Une défaite ne tient pas à grand-chose. J’avais souhaité la candidature d’Emmanuel Macron, puis son élection. Deux jours après celle-ci, je reçus le 9 mai un appel du secrétariat du nouveau Président me proposant le soutien de la République en Marche pour les élections législatives. Je l’acceptais. J’avais fait la connaissance d’Emmanuel Macron la semaine suivant son entrée au gouvernement en septembre 2014. Nous avions voyagé à plusieurs reprises en Allemagne ensemble, partageant réflexions et propositions en matière économique. Le 11 mai devait être publiée la liste des candidats investis ou soutenus par la République en Marche. J’étais en campagne en Slovénie. Installé dans un petit café, je vis sortir un autre nom que le mien sur le site que je consultais au moment fatidique. J’appris par la suite que le MoDem était passé par là.

C’est la vie. Il faut savoir perdre. J’étais sorti de la mandature de François Hollande affligé par les divisions, l’absence de leadership, l’incapacité à expliquer la politique menée et le manque de dialogue avec les parlementaires. La déchéance de nationalité m’avait blessé comme député et comme père d’enfants binationaux. Puis la publication d’un livre d’entretiens de plus de 600 pages entre le Président et deux journalistes à l’automne 2016 m’avait achevé, tant par son contenu que par la révélation que le Président préférait in fine la chronique de son quinquennat à l’échange avec les soutiers anonymes de l’Assemblée nationale dont j’étais. Enfin, j’étais las des leçons de gauchisme assénées par des collègues qui n’avaient jamais passé une journée de leur vie dans l’entreprise alors que j’y avais consacré plus de 20 ans de la mienne.

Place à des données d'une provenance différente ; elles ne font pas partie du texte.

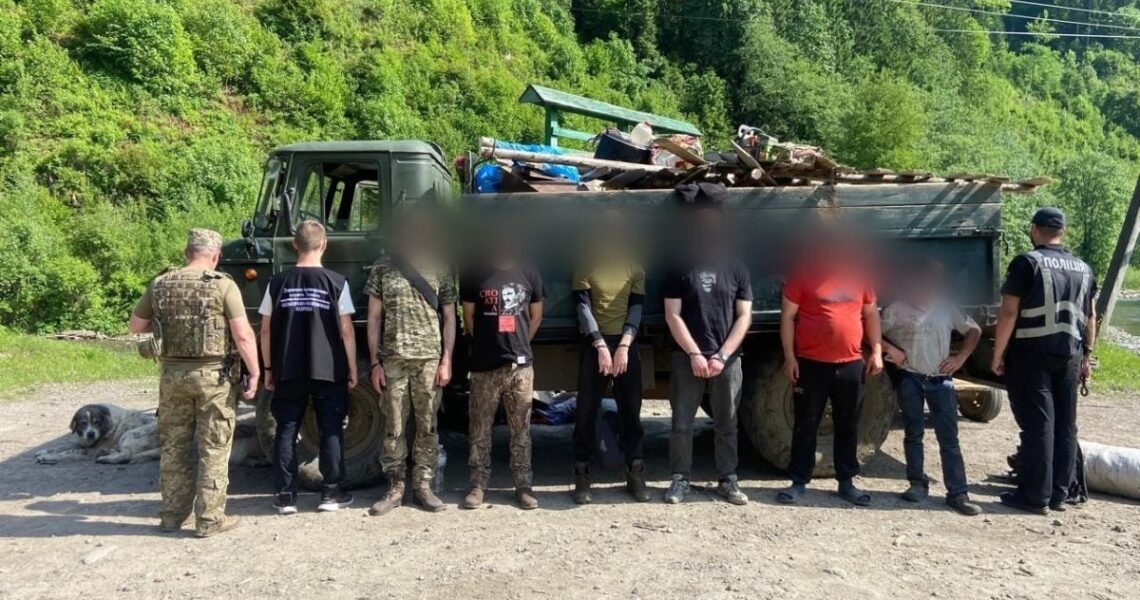 Новини України - Кози, свині й ухилянти - на Закарпатті викрили схему перевізників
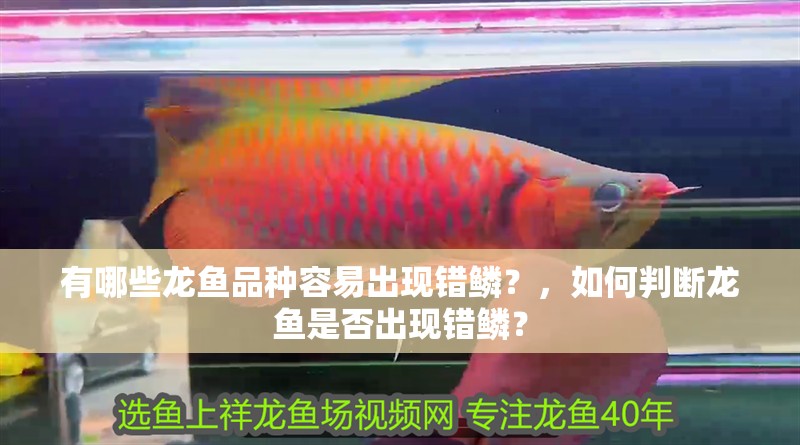 我的虎魚真菌感染了要怎么處理 有哪些龍魚品種容易出現錯鱗?,如何判斷龍魚是否出現錯鱗? 龍魚百科 有哪些龍魚品種容易出現錯鱗?,如何判斷龍魚是否出現錯鱗? 有哪些龍魚品種容易出現錯鱗?,如何判斷龍魚是否出現錯鱗? 龍魚百科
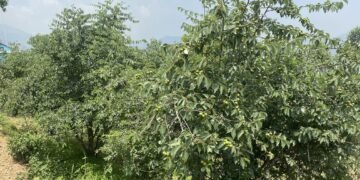 असिनाको असरः ‘बुद्धचित्त’को गुणस्तर खस्कनेमा किसानको चिन्ता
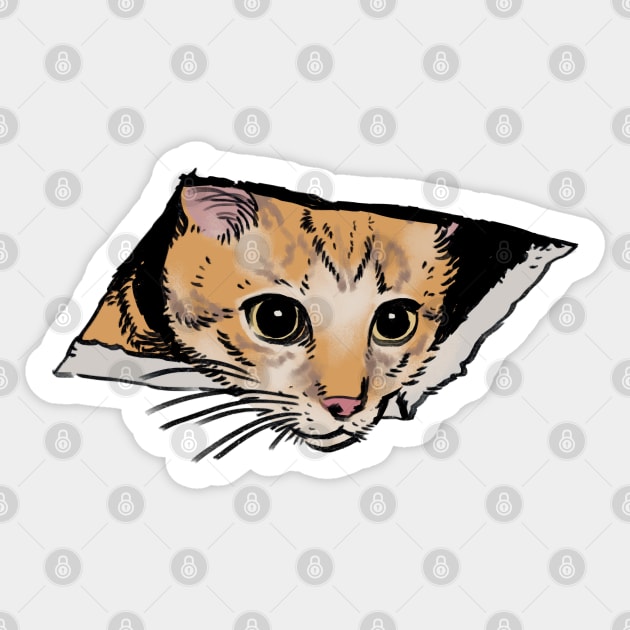 Mudwizard draws the ceiling cat meme / funny animal meme Sticker by mudwizard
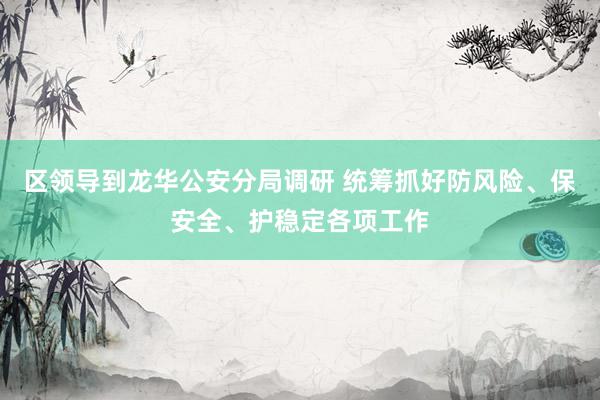 区领导到龙华公安分局调研 统筹抓好防风险、保安全、护稳定各项工作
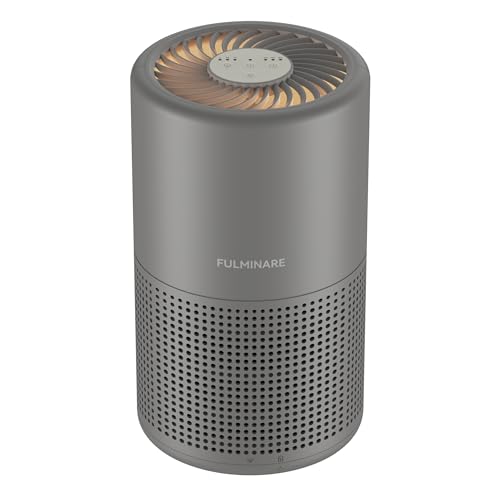 H13 True HEPA Air Purifier for Bedroom, Quiet with Night Light R447898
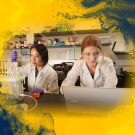 UC Davis Researchers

Je suis aujourd’hui un petit entrepreneur qui se bat. J’ai quitté l’engagement partisan. Mon histoire avec le PS a pris fin. Je ne m’y retrouvais plus. Les amitiés de ces années-là me manquent, mais pas l’appareil. Ai-je renoncé à mes idéaux ? Non. Je conserve la sensibilité de centre-gauche, un peu écolo et volontiers rocardienne, qui m’avait conduit à pousser la porte du PS au temps de mes études et à y militer pendant 28 ans. L’intérêt pour la chose publique ne m’a pas abandonné. Je n’en suis juste plus un acteur. L’avenir de notre pays continue de me passionner. Il y a tant de défis à relever : l’économie, le climat, la précarité. Je suis convaincu que la France y parviendra si elle sait s’unir au-delà des frontières partisanes. Et si cette union incarne la volonté d’agir notamment en faveur de ceux qui ont le moins, pour les catégories populaires.

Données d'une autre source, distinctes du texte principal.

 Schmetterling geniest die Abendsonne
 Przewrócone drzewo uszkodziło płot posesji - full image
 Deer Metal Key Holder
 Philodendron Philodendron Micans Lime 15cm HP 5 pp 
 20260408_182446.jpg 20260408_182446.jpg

Réformer la France, lui donner toutes ses chances en Europe et dans le monde requiert de l’explication, de l’écoute et du partage. C’est ce qui a manqué depuis deux ans. On ne met pas un pays en mouvement sans cela. Au contraire, on le braque. La verticalité n’est pas la condition de l’autorité, pas davantage que l’oubli des corps intermédiaires, qu’il s’agisse des ONG, des syndicats ou des organisations professionnelles, et des élus locaux. Aucune action publique, aucune législation, aucune réforme ne sont pérennes si les Français ne se les sont pas appropriées. C’est mon vieux fond rocardien : il faut rendre compte, écouter et accepter de se laisser convaincre. J’ai vu dans le mouvement initial des gilets jaunes l’expression d’une souffrance sociale infinie à laquelle il faut répondre. Et dans la mobilisation de la jeunesse pour le climat une crainte de l’avenir qui nous oblige tous.

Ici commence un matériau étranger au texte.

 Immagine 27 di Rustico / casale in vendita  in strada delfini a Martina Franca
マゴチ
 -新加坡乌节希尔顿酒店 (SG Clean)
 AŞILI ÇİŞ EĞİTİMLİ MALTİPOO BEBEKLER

Les conversations roulent déjà sur 2022, comme si le temps était suspendu, comme si les élections européennes n’avaient pas envoyé un message fort et inquiétant. La vie politique française ne peut se résumer à un match entre les inclus, que représenterait la majorité, et les exclus, abandonnés aux populistes. Il y a péril pour notre pays. Ce sont de solutions concrètes et de résultats tangibles dont il doit être question. Oui, il existe une France rurale et périphérique, paupérisée et reléguée, victime d’une fracture sociale et générationnelle croissante. L’admirable roman Leurs enfants malgré eux de Nicolas Mathieu, Prix Goncourt 2018, la raconte de manière bouleversante. Il faut se tourner vers elle. La majorité a le devoir d’agir, le devoir de s’ouvrir pour porter utilement, efficacement un agenda de réformes pour tous les Français et pour un pays qui refera société.